Krisis legitimasi demokrasi Indonesia ditandai oleh kecenderungan kian menurunnya tingkat partisipasi warga dalam pemilu/pilkada (voter turnout), kecuali di beberapa daerah yang padat politisasi identitas. Kedua, kecenderungan merosotnya tingkat kepercayaan dan loyalitas terhadap parpol dengan tingginya angka pelarian dukungan (voter turnover). Ketiga, kian tingginya tingkat ketidakpercayaan terhadap lembaga perwakilan seperti diindikasikan dari hasil berbagai survei yang menempatkan DPR sebagai lembaga yang paling tak bisa dipercaya. Keempat, indeks persepsi korupsi yang masih tetap tinggi.

Sementara itu, krisis efisiensi demokrasi diindikasikan oleh kemerosotan daya respons dan daya produktivitas lembaga perwakilan dalam menyusun dan merealisasikan Program Legislasi Nasional. Kedua, kian lamanya kegaduhan dan waktu yang diperlukan untuk menegosiasikan urusan antara berbagai kepentingan di lembaga perwakilan dan kian besarnya potensi kebocoran keuangan negara dalam menegosiasikan kepentingan-kepentingan tersebut, seperti tecermin dalam persoalan KTP elektronik. Ketiga, kecenderungan semakin meningginya tingkat ketidakpuasan terhadap pemimpin petahana, yang diindikasikan oleh naiknya tingkat ketidakterpilihan petahana.


Kecenderungan krisis demokrasi semacam ini dalam istilah David van Reybrouck (2016), disebut sebagai “sindrom keletihan demokrasi” (democratic fatigue syndrome). Di berbagai belahan dunia, respons atas sindrom ini melahirkan beragam bentuk serangan balik. Ada yang menimpakan krisis ini sebagai kesalahan elite politisi dengan solusi populisme. Ada yang melihatnya sebagai kesalahan demokrasi itu sendiri, dengan menawarkan bentuk teknokrasi atau berpaling ke bentuk pemerintahan lain. Ada yang menyalahkan demokrasi perwakilan dengan solusi kembali ke model demokrasi Athena yang menginginkan segala keputusan lewat partisipasi rakyat langsung. Ada yang melihat kesalahan itu sebagai akibat dari kelemahan sistem pemilihan demokrasi perwakilan.
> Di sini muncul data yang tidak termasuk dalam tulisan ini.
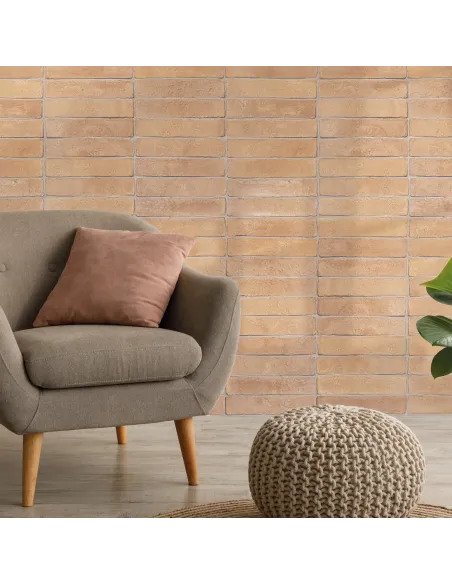 Color Harmony Beige 6x30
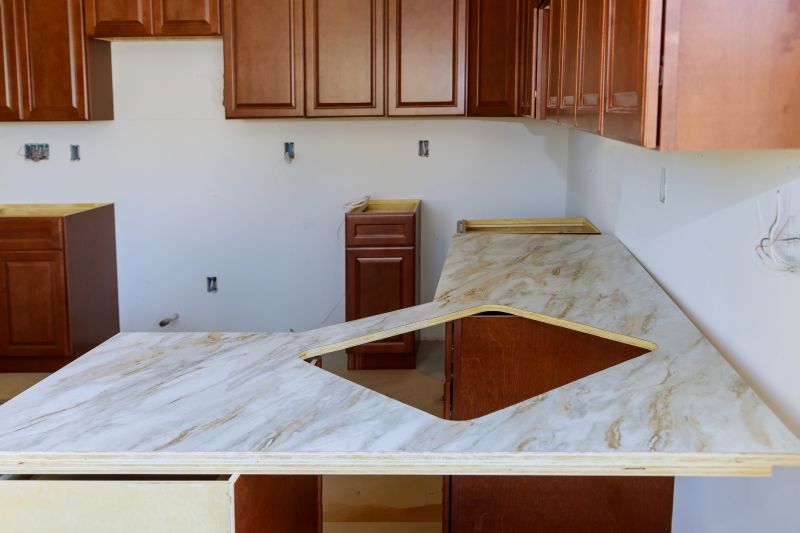 Countertop Material Options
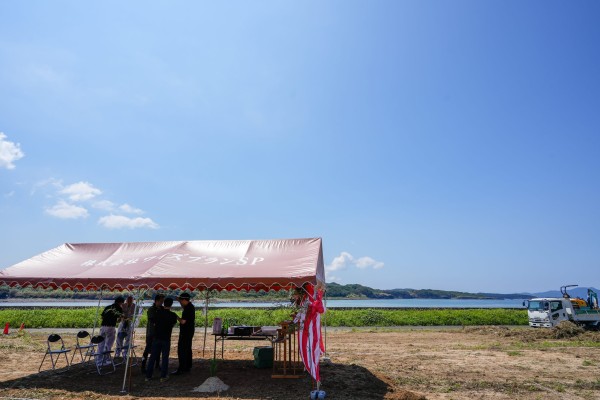 地鎮祭サムネイル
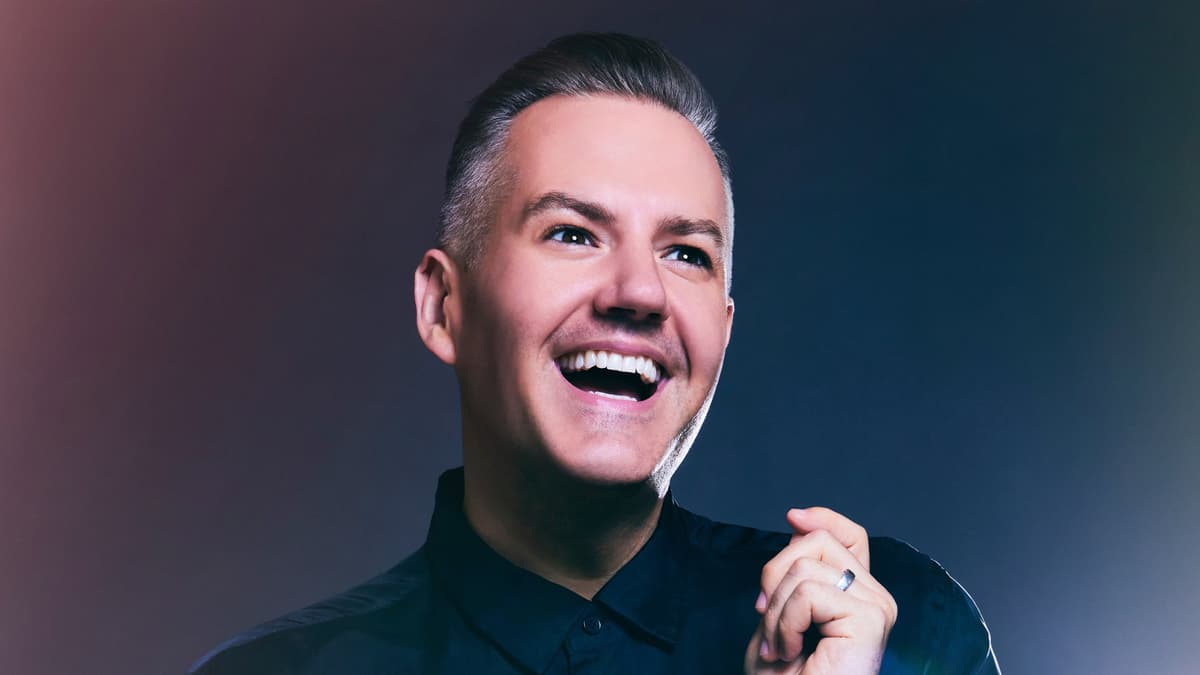 Ross Mathews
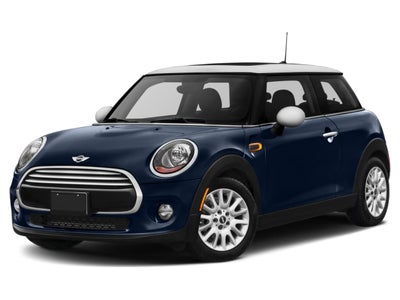 2015 MINI Cooper Hardtop 2 Door Base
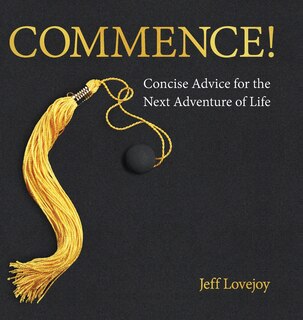 Front cover_Commence!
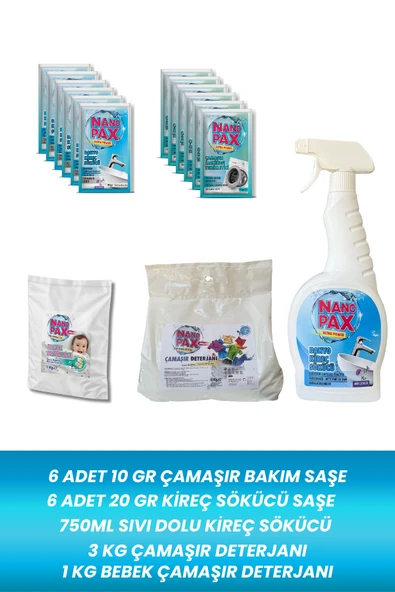 MİDİ BANYO SETİ - 2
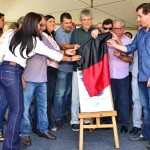 22.02.17 entrega rodovia PB 004_sapé © roberto guedes (91)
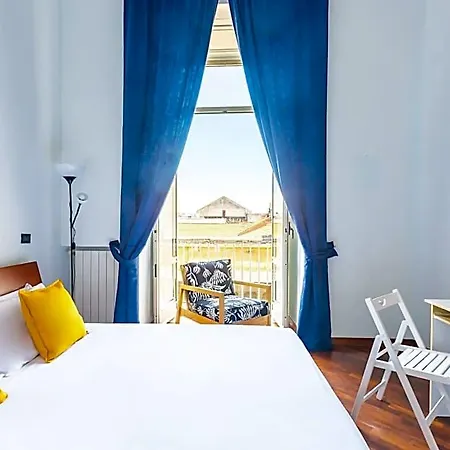 Antica Oda ve Kahvaltı 4*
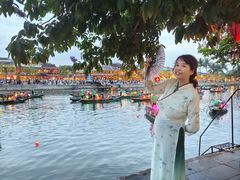 -会安古镇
Akar tunjang dari segala krisis ini sesungguhnya bermula ketika input kepemimpinan dalam demokrasi kita ini hanya mengandalkan faktor keterpilihan dan mengabaikan faktor keterwakilan. Yang jadi perhatian dalam institutional crafting hanyalah bagaimana agar orang bisa terpilih, bukan bagaimana memperbaiki mutu perwakilan yang demokratis. Akibatnya, lembaga-lembaga negara diisi oleh orang-orang yang penuh ambisi dengan modal popularitas dan kantong tebal, tetapi miskin kompetensi dan tidak mencerminkan rakyat yang diwakilinya.
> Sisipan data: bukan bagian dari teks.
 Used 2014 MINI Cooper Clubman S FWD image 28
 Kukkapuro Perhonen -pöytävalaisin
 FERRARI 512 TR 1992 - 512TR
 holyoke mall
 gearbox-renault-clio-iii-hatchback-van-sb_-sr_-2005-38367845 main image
Prinsip demokrasi perwakilan Indonesia sesungguhnya telah dipikirkan sungguh-sungguh oleh pendiri bangsa dengan mengombinasikan antara keterpilihan dan keterwakilan dalam semangat permusyawaratan. Perwujudan terpenting dari institusi permusyawaratan dalam demokrasi Pancasila adalah keberadaan MPR (Majelis Permusyawaratan Rakyat). MPR ditempatkan sebagai mandataris kedaulatan rakyat yang diharapkan dapat mencerminkan ekspresi seluruh kekuatan rakyat. Hal ini tecermin dari kemampuan MPR untuk menampung perwakilan hak liberal-individual (perwakilan rakyat), perwakilan hak komunitarian (perwakilan golongan), dan perwakilan hak teritorial (perwakilan daerah).
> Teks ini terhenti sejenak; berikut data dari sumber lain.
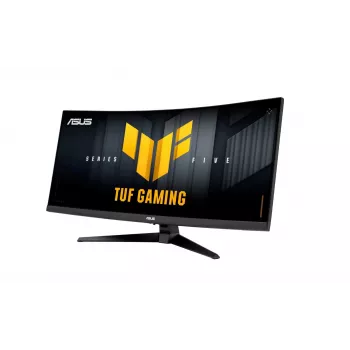 ASUS TUF Gaming VG34WQ5A 34-tolline kumer WQHD 200Hz mängumonitor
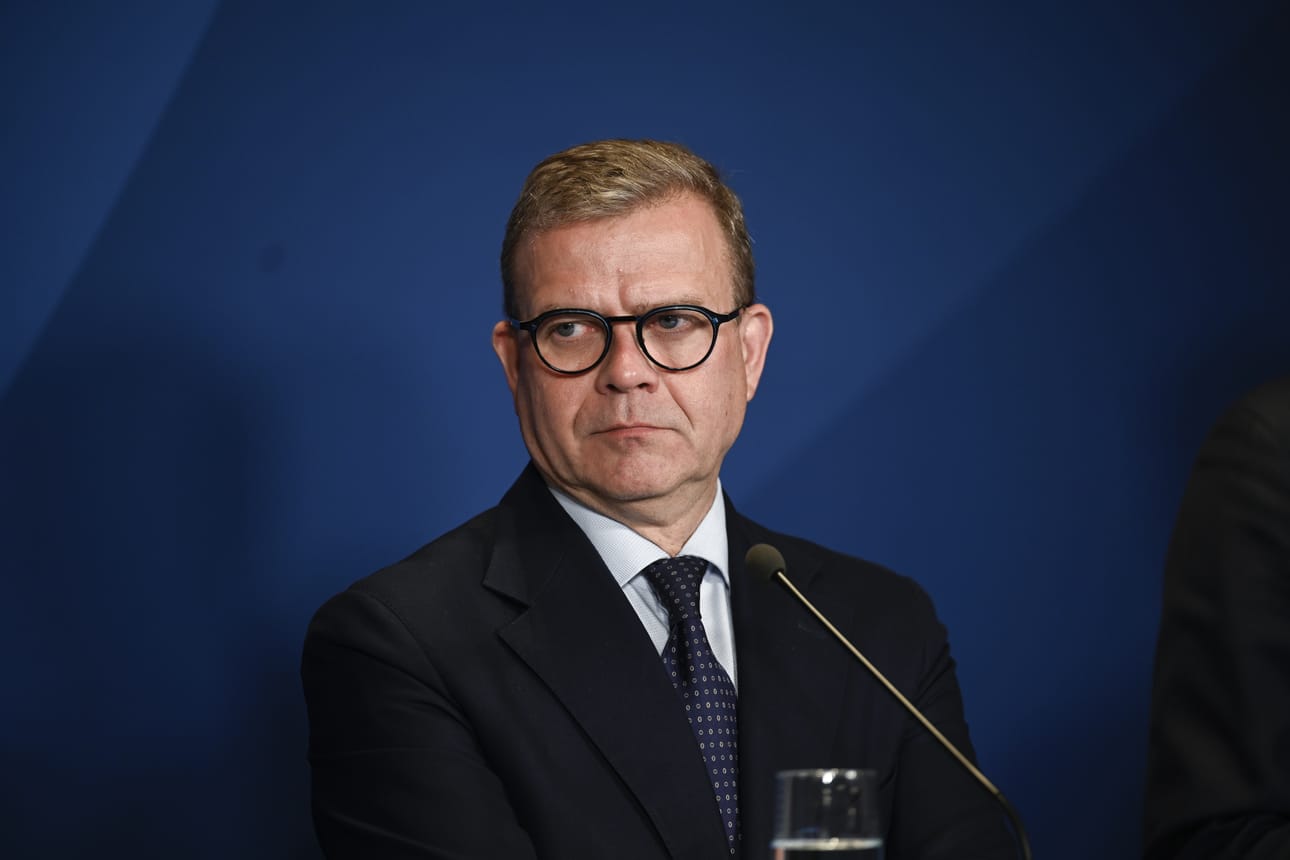 Pääministeri Petteri Orpo (kok.) sanoo, että hallitus halusi tällä kertaa keskittyä budjettiriihessä erityisesti kasvun, työllisyyden ja tulevaisuudenuskon vahvistamiseen.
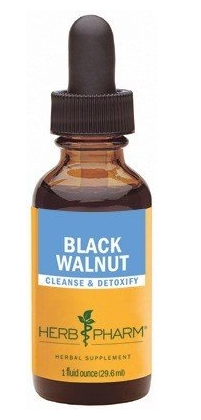 Herb Pharm BLACK WALNUT EXTRACT 1 oz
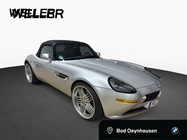 BMW Z8 2003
Dalam demokrasi permusyawaratan, persoalan legitimasi dan efisiensi dapat dicapai sejauh demokrasi bisa berjalan dengan mengapit dua sayap: persatuan dan keadilan. Dalam Pancasila, sila kerakyatan didahului dengan sila persatuan dan diakhiri oleh sila keadilan. Itu berarti bahwa demokrasi Indonesia mengandaikan semangat persatuan (kekeluargaan) terlebih dahulu, dan setelah demokrasi politik dijalankan, pemerintah yang memegang kekuasaan diharapkan dapat mewujudkan keadilan sosial.

Negara persatuan diperjuangkan dengan menempatkan lembaga perwakilan tidak sekedar memperhatikan keterpilihan berdasarkan hak-hak individual, namun juga keterwakilan golongan dan keterwakilan daerah. Bukan sekedar keterpilihan orang dari daerah, apalagi orang partai yang mengatasnamakan daerah. Sementara negara keadilan diperjuangkan dengan menempatkan parlemen (MPR) sebagai lembaga yang menetapkan prinsip-prinsip direktif pembangunan semesta-berencana, yang bernama garis-garis besar haluan negara (GBHN).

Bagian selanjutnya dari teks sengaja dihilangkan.